Zugegeben, hier und da war etwas Geduld und festes Schuhwerk angesagt, bis der gewünschte Gegenstand mit innerer oder sichtbar nach außen gezeigter Befriedigung nach Hause getragen werden konnte. Bei dem Einen war es eine echte Antiquität, bei dem Anderen ein lang gesuchtes Ding, das ihm in seiner Sammlung noch fehlte, und bei einem Dritten ein schöner Gegenstand, mit dem er seine Behausung aufhübschen konnte. 

Seitdem die Jahrmärkte wieder auf dem ehemaligen „Schrannenplatz“, also dem früheren Marktplatz und heutigen Stadtplatz, stattfinden, f ühren die Traunsteiner Kraftfahrzeughändler ihre Autoausstellung auf ihren Betriebsgeländen durch.

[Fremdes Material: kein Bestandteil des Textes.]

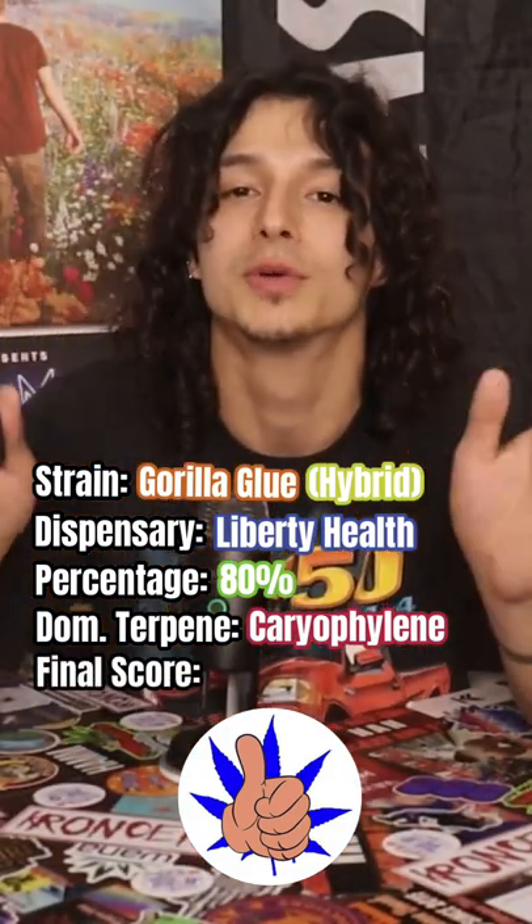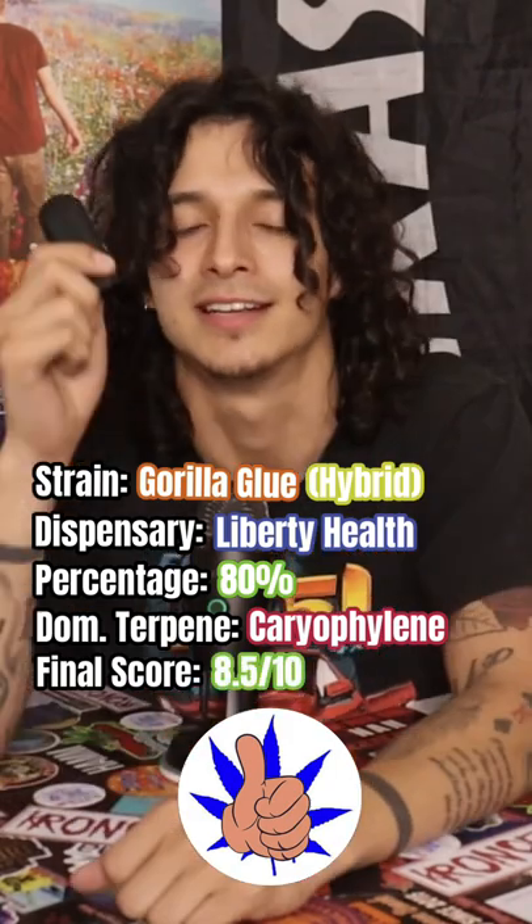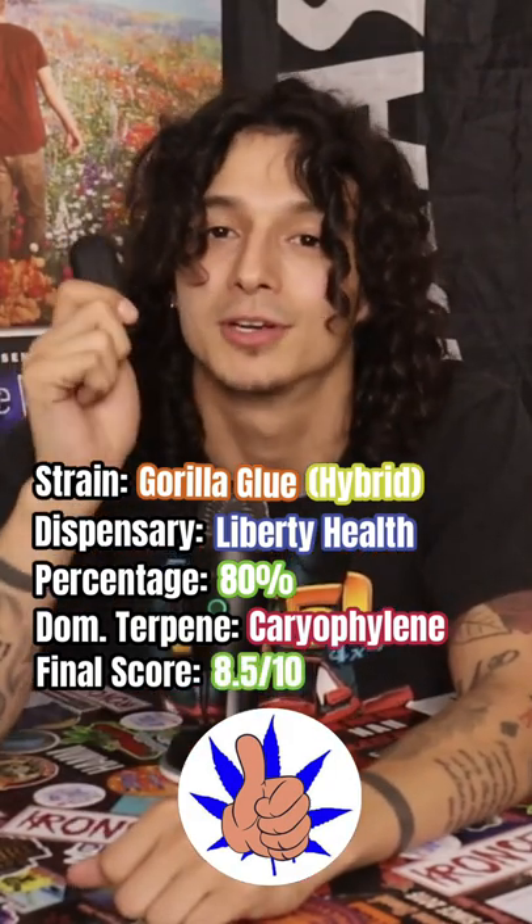With all that being said, I give this Gorilla Glue an 8.5 out of 10 and I highly recommend it if you're shopping for carts at Liberty — because I know you're not shopping for flower there.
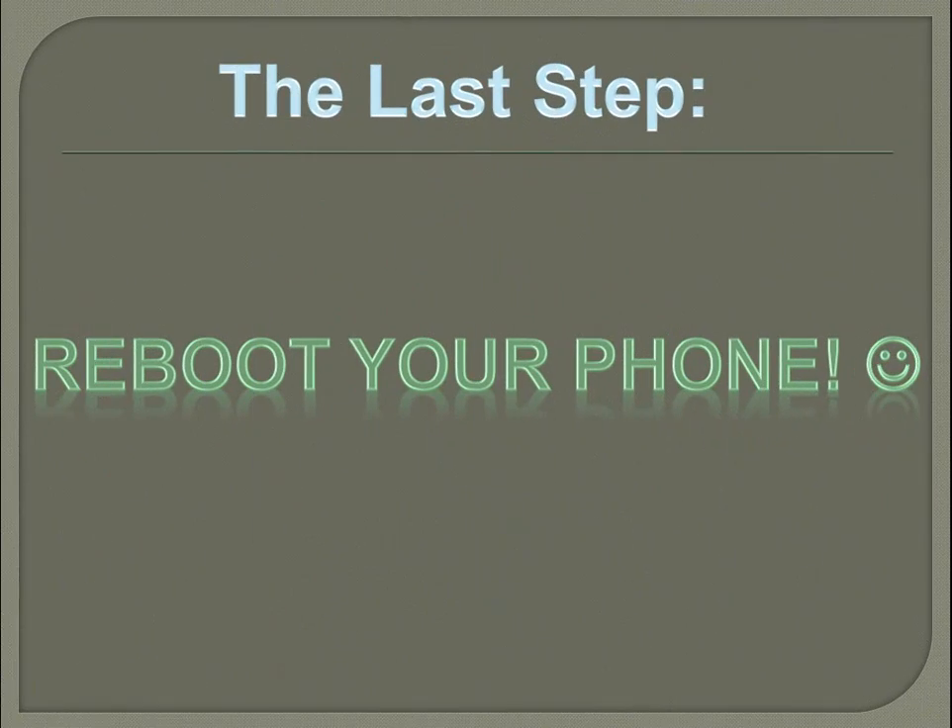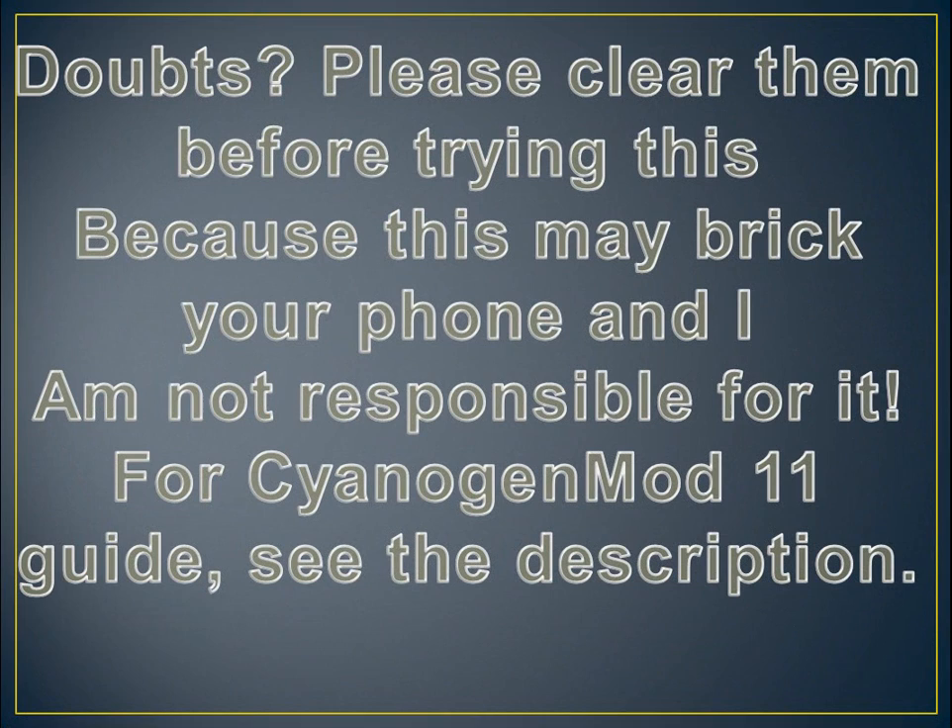The last step is simple — you just need to reboot your phone. I am not at all responsible for this or any kind of mishappening that happens to your device, so please don't comment that my device is broken or such things like that. I am not at all responsible for it. Thank you for watching.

Wer die Absicht hatte, sich ein neues bzw. gebrauchtes Fahrzeug zuzulegen und etwas Zeit mitgebracht hatte, der konnte von einem zum anderen Kfz-Händler „hüpfen“ und sich so einen interessanten Überblick über den Automobilmarkt verschaffen.

Auch E-Autos vertreten

Interessenten für E-Mobilität luden die Wirtschaftsförderungsgesellschaft des Landkreises Traunstein und das Bildungszentrum der Handwerkskammer für München und Oberbayern zum Aktionstag „Treffpunkt E-Mobilität“ im Hof des Landratsamts ein. E-Mobilisten aus dem ganzen Landkreis Traunstein gaben Tipps. 

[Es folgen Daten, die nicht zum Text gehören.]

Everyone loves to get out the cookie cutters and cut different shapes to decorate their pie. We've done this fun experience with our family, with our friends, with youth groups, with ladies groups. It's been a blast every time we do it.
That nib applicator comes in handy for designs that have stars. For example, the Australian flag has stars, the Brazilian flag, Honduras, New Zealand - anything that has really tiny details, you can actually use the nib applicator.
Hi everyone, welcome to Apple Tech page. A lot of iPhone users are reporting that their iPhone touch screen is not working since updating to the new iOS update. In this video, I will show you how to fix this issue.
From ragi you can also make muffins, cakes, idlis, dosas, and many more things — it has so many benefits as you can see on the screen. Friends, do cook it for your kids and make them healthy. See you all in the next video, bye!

Praktiker und Experten berichteten über die Alltagstauglichkeit von E-Autos. Die Besucher konnten wieder verschiedene Elektroautos ausprobieren. Im Casino des Landratsamts gab es Kurzvorträge und Impulse. Ebenso wurde ein E-Kart-Parcours für Kinder angeboten. Ab Mittag gab es für den „Lindl-Sonntag“ noch einmal einen Schub in der Besuchergunst, denn dann öffneten auch die Traunsteiner Ladengeschäfte.

Familiensonntag

Ganze Heerscharen drängten durch die Innenstadt, um sich vom großen Angebot des Traunsteiner Einzelhandels ein Bild zu machen. Der verkaufsoffene Sonntag war wieder einmal auch ein Familiensonntag. Mit Kind und Kegel strömten sie in die Läden. Einige Geschäfte boten eigens zum „Lindl-Sonntag“ günstige Schnäppchen an, die gerne mitgenommen wurden. 

Den „Lindl-Sonntag“ nutzten wiederum einige Institutionen, um eine breite Öffentlichkeit über sich und ihre Arbeit zu informieren. Die Freiwillige Feuerwehr Traunstein war mit Vorführungen und Einsatzfahrzeugen auf dem Stadtplatz vertreten. Der Höhepunkt für Groß und Klein war mit Sicherheit eine Fahrt im Korb der Drehleiter, um das Jahrmarktgeschehen auf dem Stadtplatz aus schwindelnder Höhe zu beobachten.

Auf dem Maxplatz hatte der Allgemeine Deutschen Fahrrad-Club (ADFC) wieder seinen Gebrauchtfahrradmarkt mit rund120 Fahrrädern aufgebaut. Wer ein fahrbereites Fahrrad verkaufen wollte, konnte es dort abgeben. Soweit möglich wurde es dann von den Mitgliedern des ADFC gegen eine kleine Vermittlungsgebühr verkauft. Gleich gegenüber hatte die Kreisverkehrswacht ihre Stände, an denen jedermann seine Reaktion im Straßenverkehr an Simulatoren testen konnte. Ebenfalls auf dem Maxplatz informierte die Allgemeine Ortskrankenkasse (AOK) über Themen der Gesundheit.